● **Dataset section**:
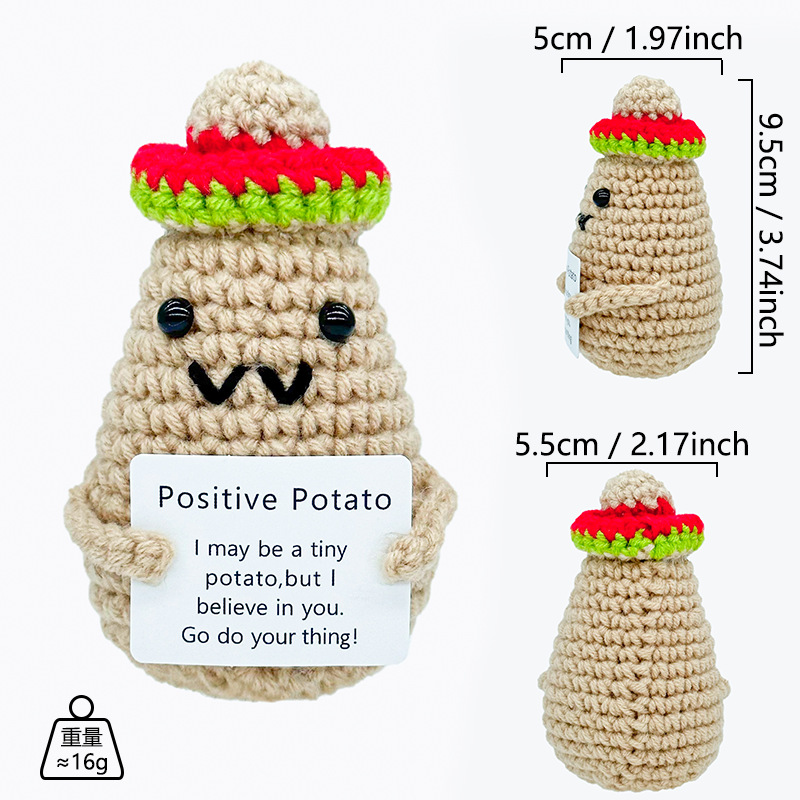 Rojo verde sombrero W boca sonriente Patata (tarjeta P)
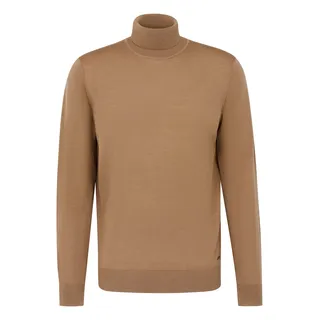 Bugatti Rollkragenpullover, aus 100 % Merinowolle bugatti cognac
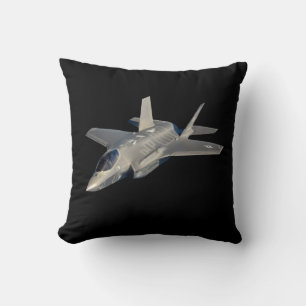 F-35 Blixt II Panther Jet Fighter Kudde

● **Your goal**: Restate all the material verbatim; omit every picture.

● **Answer to this exercise**:
 Rojo verde sombrero W boca sonriente Patata (tarjeta P)
 Bugatti Rollkragenpullover, aus 100 % Merinowolle bugatti cognac
 F-35 Blixt II Panther Jet Fighter Kudde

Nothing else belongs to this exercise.